= Orla Chennaoui =

Northern Irish television journalist

Orla Chennaoui (born 13 November 1978) is a Northern Irish television journalist and former all-Ireland triple jump champion. Chennaoui was born in Draperstown, County Londonderry in Northern Ireland. After completing a degree in Law and French at Queen's University Belfast, she took a postgraduate diploma in journalism at Edinburgh Napier University. While in Edinburgh Chennaoui began her journalism career, working in print-journalism at Scotland on Sunday and the Edinburgh Evening News.

Chennaoui moved into broadcast journalism at 2 Ten FM, a local radio station in Reading, Berkshire. A move into regional television news followed, working on the Meridian West news service at ITV Meridian and the ITV News network, based in Southampton. She returned to Scotland with a role at STV and Scotland Today.

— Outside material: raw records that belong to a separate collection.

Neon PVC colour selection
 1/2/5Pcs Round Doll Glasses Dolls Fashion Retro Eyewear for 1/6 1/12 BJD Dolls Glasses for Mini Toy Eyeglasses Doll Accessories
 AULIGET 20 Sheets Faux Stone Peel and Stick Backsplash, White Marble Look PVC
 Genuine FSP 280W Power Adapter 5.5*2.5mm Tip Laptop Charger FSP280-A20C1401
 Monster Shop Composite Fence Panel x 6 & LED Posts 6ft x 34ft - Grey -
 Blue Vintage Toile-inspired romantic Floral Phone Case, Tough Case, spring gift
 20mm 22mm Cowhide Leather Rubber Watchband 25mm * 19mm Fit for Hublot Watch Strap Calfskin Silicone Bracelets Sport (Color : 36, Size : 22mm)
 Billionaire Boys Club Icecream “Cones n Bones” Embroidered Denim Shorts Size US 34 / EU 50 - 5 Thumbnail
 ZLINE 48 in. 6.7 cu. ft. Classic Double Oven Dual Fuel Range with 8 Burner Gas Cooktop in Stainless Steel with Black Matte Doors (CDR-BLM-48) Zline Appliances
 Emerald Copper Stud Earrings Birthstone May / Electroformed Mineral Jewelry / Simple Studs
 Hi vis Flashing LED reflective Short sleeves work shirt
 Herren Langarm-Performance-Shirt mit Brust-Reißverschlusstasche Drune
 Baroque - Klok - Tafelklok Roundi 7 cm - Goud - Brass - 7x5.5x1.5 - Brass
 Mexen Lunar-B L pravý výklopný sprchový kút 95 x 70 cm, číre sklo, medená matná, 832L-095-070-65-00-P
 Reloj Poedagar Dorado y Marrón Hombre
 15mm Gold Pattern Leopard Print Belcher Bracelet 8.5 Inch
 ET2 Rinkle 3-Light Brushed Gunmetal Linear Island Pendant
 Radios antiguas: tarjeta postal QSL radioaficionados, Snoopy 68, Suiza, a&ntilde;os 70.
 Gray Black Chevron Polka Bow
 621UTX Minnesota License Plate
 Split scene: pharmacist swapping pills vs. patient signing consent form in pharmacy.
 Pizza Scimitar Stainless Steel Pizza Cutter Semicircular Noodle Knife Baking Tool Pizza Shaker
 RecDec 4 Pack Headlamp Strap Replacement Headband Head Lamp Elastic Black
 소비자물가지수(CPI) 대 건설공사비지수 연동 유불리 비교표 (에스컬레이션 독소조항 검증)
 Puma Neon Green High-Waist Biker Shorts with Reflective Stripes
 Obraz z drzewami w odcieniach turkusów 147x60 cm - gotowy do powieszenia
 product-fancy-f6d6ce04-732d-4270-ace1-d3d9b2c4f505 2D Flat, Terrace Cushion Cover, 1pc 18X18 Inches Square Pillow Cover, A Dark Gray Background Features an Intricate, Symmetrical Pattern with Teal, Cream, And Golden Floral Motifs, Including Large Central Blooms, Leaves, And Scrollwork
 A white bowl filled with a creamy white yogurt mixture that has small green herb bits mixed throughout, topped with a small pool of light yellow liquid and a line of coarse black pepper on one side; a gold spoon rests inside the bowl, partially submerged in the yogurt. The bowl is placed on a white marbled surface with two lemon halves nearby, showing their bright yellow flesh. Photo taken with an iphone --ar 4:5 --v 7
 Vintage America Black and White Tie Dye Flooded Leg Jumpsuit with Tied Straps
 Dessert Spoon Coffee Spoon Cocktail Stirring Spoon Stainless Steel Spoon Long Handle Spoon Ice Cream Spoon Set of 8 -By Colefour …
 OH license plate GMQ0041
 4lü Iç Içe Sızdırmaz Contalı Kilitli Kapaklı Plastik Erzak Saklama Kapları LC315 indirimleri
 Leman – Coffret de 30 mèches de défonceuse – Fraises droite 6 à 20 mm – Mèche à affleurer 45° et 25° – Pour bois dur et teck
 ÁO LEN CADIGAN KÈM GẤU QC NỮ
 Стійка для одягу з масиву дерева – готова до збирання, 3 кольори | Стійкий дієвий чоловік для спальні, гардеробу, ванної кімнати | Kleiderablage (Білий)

In 2005, she joined Sky News as Northern Ireland correspondent. In 2010 Chennaoui made a move into sports broadcasting for Sky Sports specialising in cycling; she was also Sky Sports' principal correspondent for the 2012 and 2016 Olympic Games.

In 2019, Chennaoui left Sky to join Eurosport as the lead presenter for the station's coverage of cycling events. Eurosport became TNT Sports from February 2025.

==Personal==
She is married to Moroccan-born Mourad Chennaoui; they have two children and live in London and Amsterdam.